What to work on: Every line below is to be given again precisely; images are to be left out.

Information shown:
------------------------------

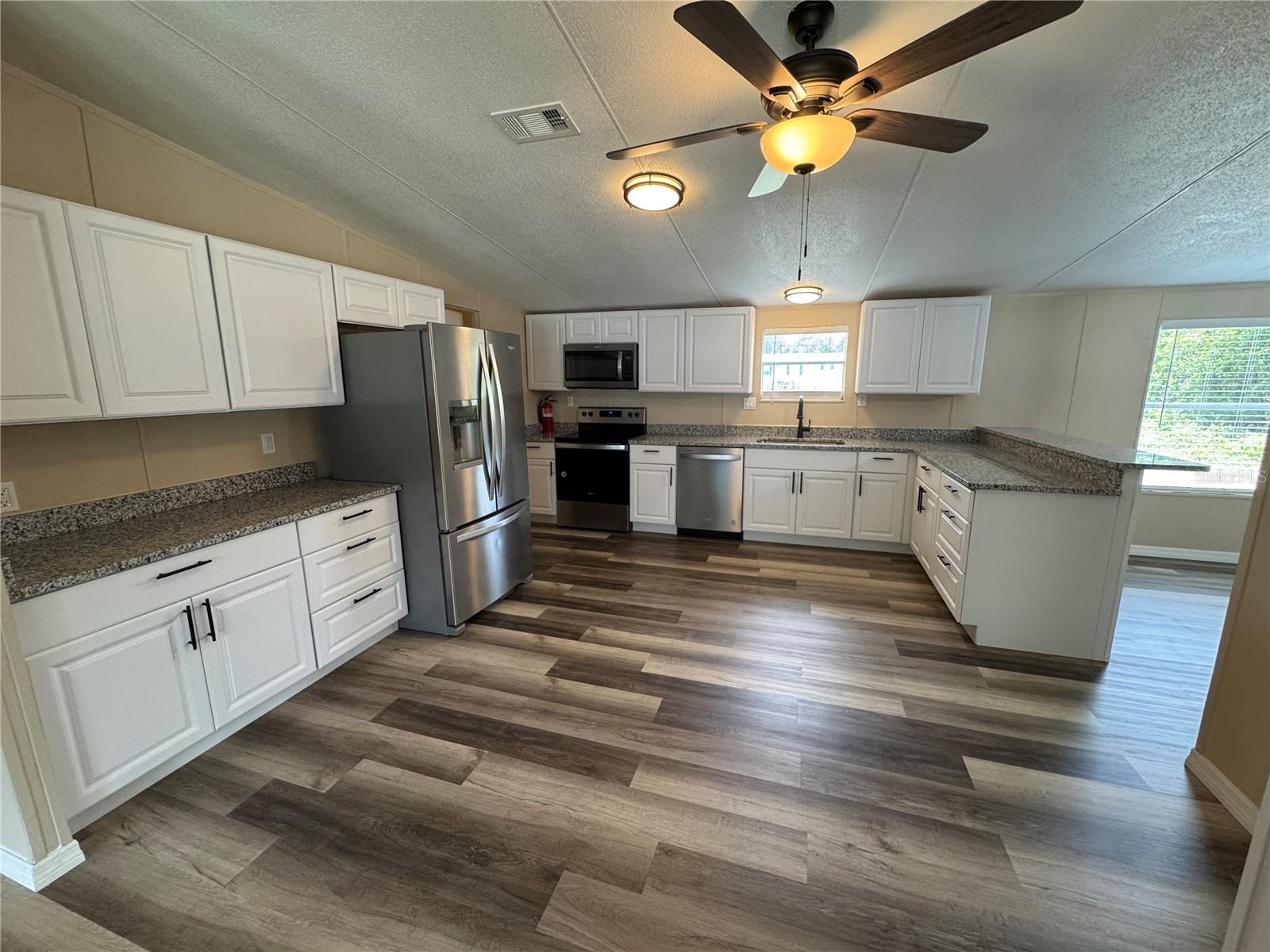 Image 6 of 24 For 18384 54th Street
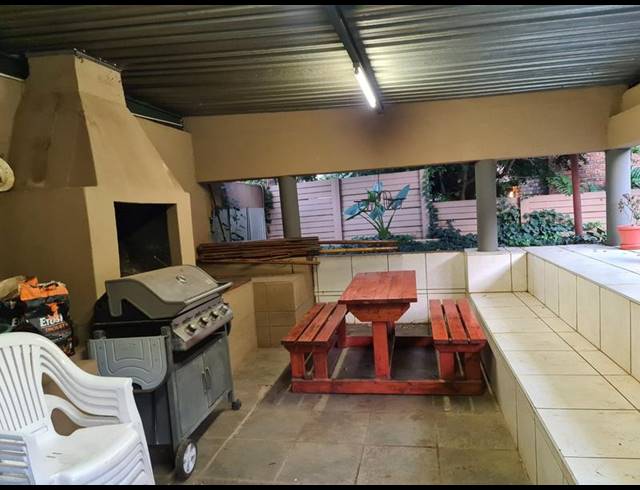 4 BEDROOM HOUSE FOR SALE IN SINOVILLE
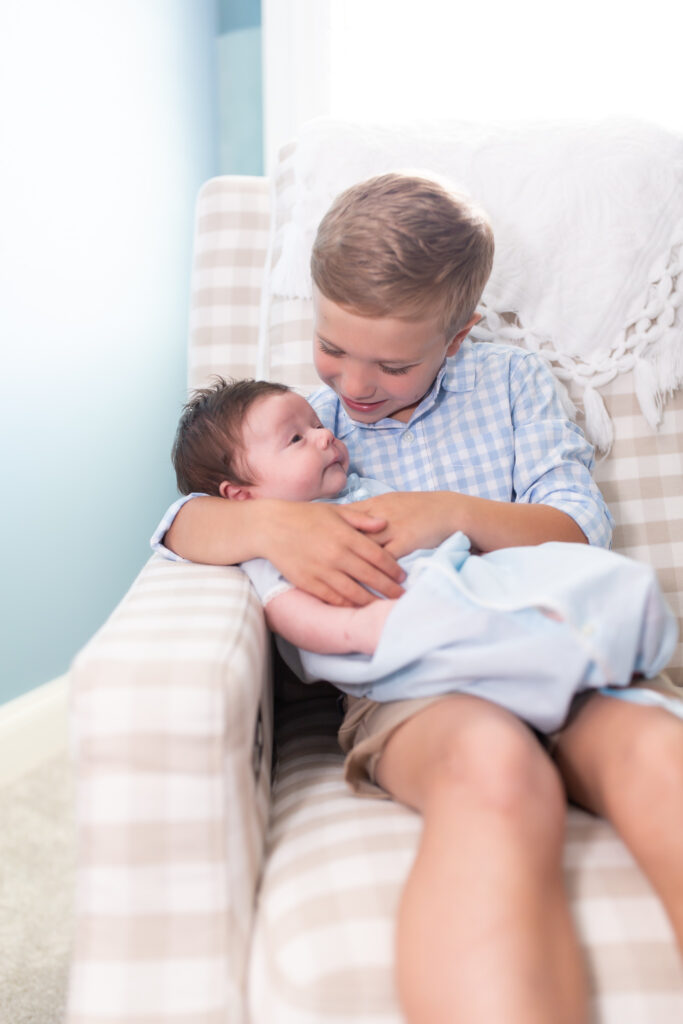Newborn Photographer.  Hoover, Vestavia, Homewood, Mountain Brook, Helena, Alabaster, Chelsea, Birmingham, Alabama.  LIfestyle Newborn session.  Newborn Photography.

------------------------------

Written answer:
 Image 6 of 24 For 18384 54th Street
 4 BEDROOM HOUSE FOR SALE IN SINOVILLE
Newborn Photographer.  Hoover, Vestavia, Homewood, Mountain Brook, Helena, Alabaster, Chelsea, Birmingham, Alabama.  LIfestyle Newborn session.  Newborn Photography.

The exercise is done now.